(GIVEN ENTRIES Opens)
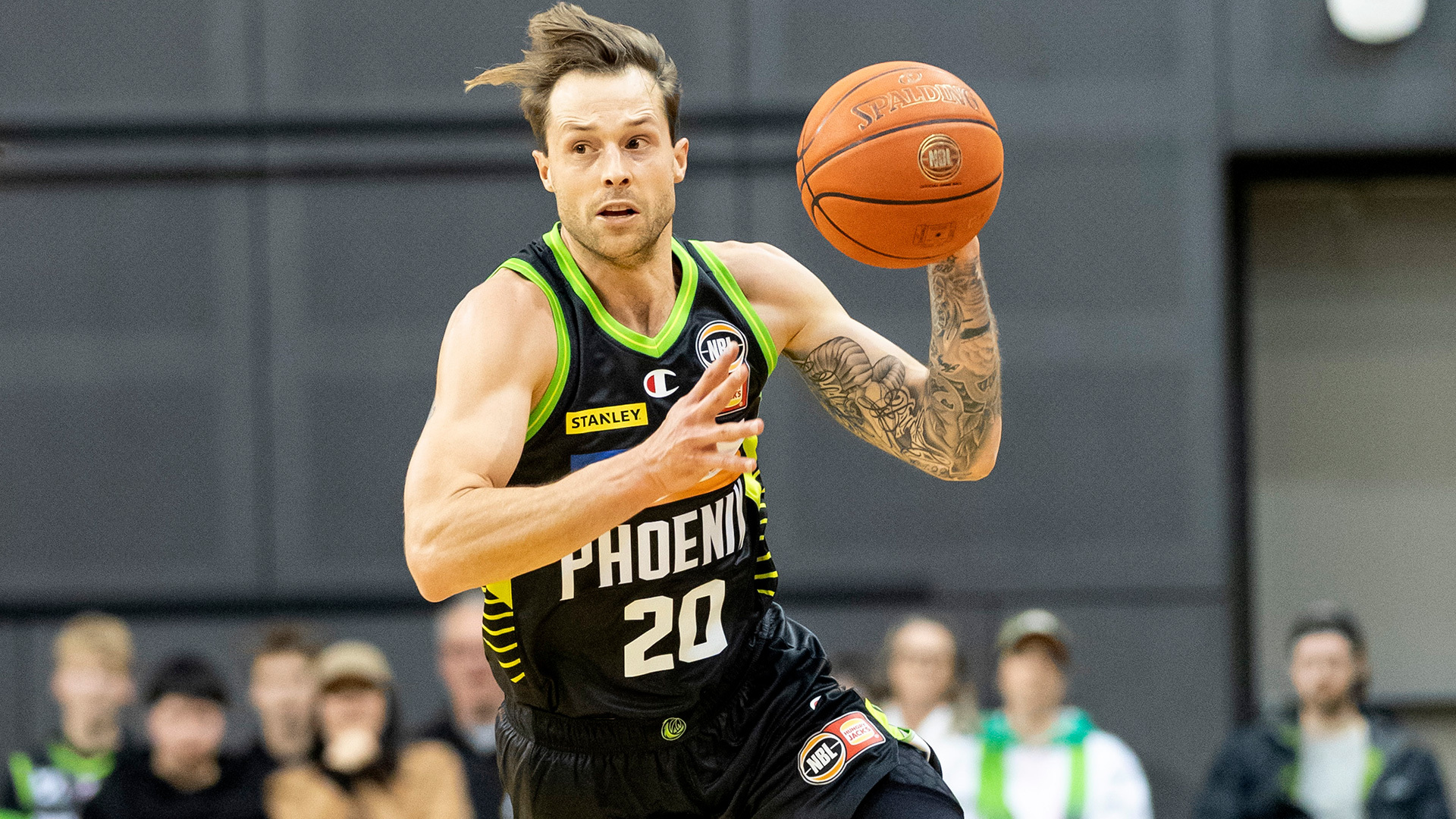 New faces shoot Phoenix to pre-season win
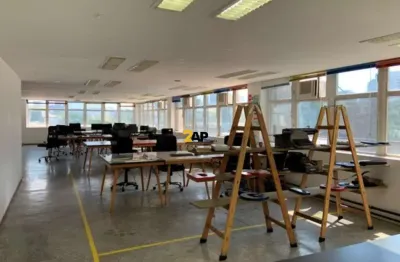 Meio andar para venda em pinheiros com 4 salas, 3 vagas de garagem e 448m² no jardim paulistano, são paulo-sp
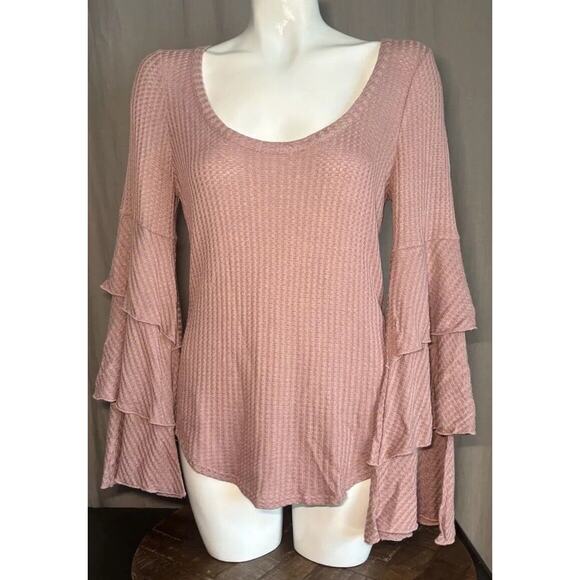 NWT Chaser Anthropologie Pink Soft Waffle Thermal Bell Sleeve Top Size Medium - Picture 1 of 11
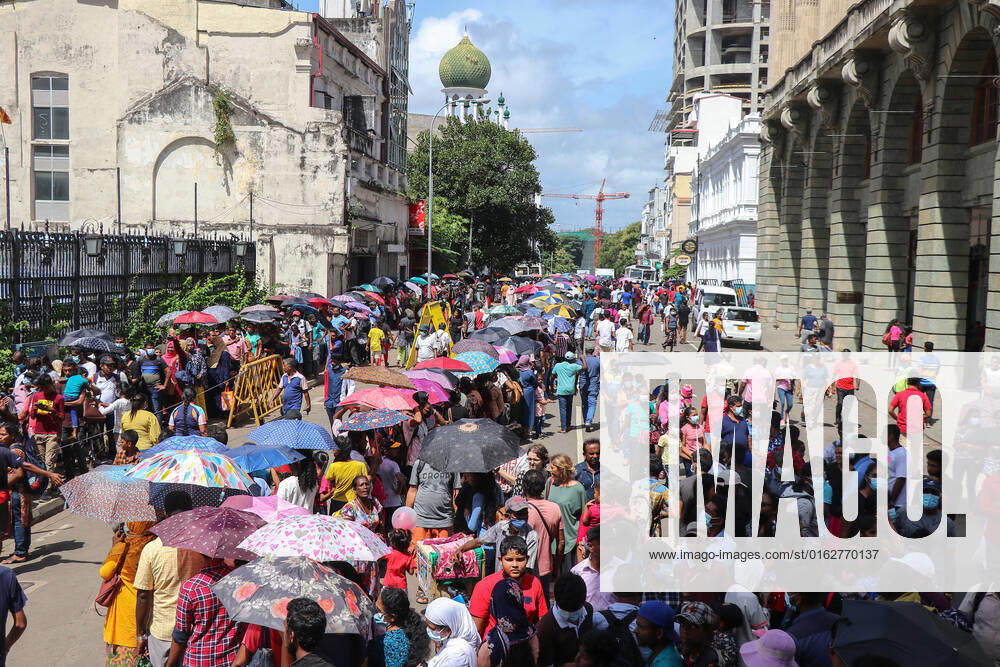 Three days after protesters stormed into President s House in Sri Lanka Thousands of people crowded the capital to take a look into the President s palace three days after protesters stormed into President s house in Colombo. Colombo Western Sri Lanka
(GIVEN ENTRIES Closes)
(GIVEN ENTRIES Opens)
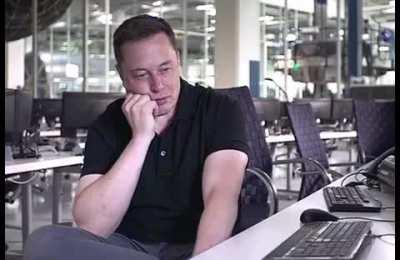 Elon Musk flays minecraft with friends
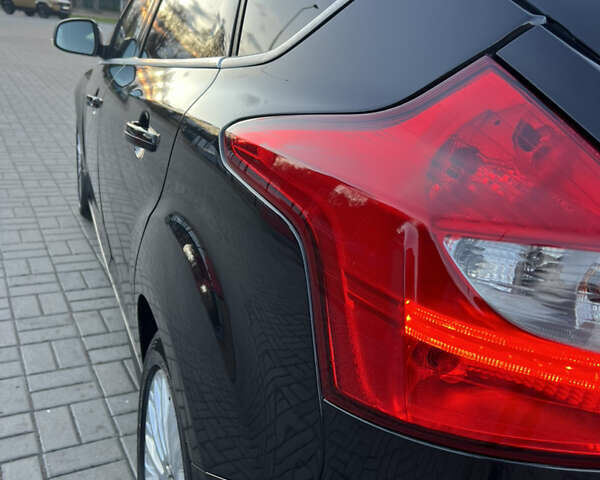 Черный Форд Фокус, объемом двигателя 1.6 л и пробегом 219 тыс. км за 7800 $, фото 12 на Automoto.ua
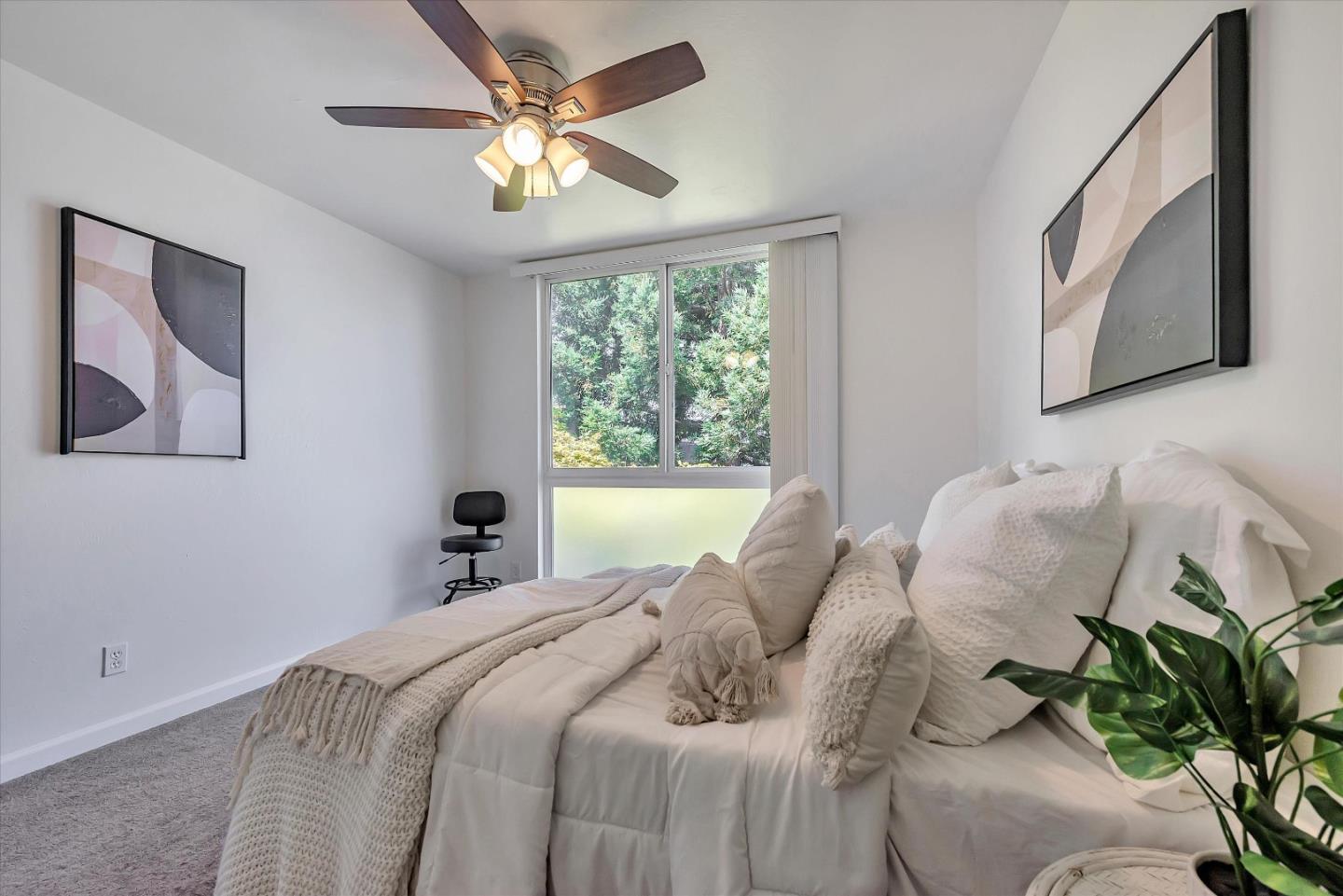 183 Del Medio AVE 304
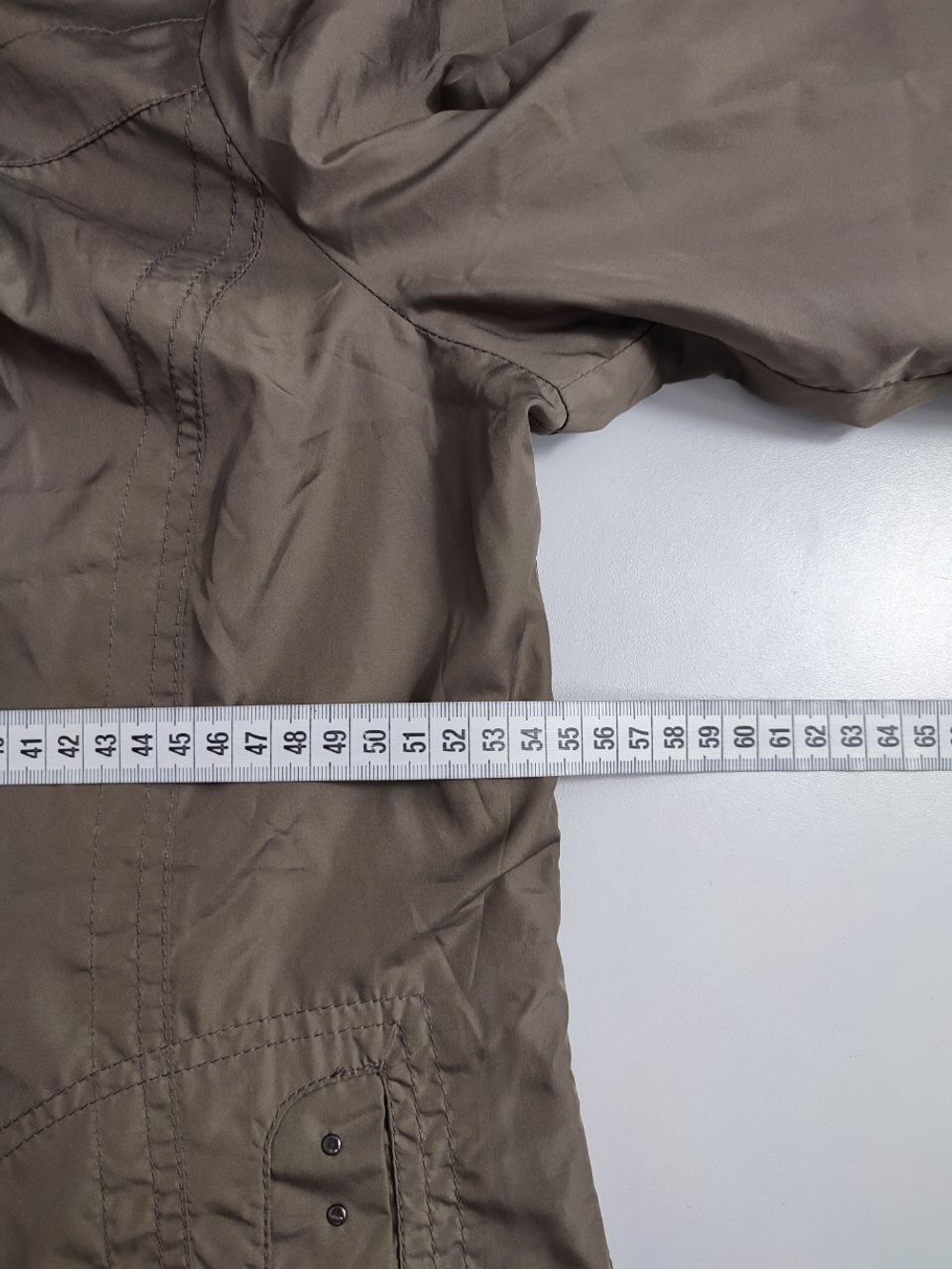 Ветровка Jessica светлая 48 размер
(GIVEN ENTRIES Closes)
* [REQUIRED WORK]: Transcribe exactly the lines above, beginning at the one with "183 Del Medio AVE 304" and going up to and including the one with "Ветровка Jessica светлая 48 размер". Pictures do not belong in the copy.

* [ANSWER]:
 183 Del Medio AVE 304
 Ветровка Jessica светлая 48 размер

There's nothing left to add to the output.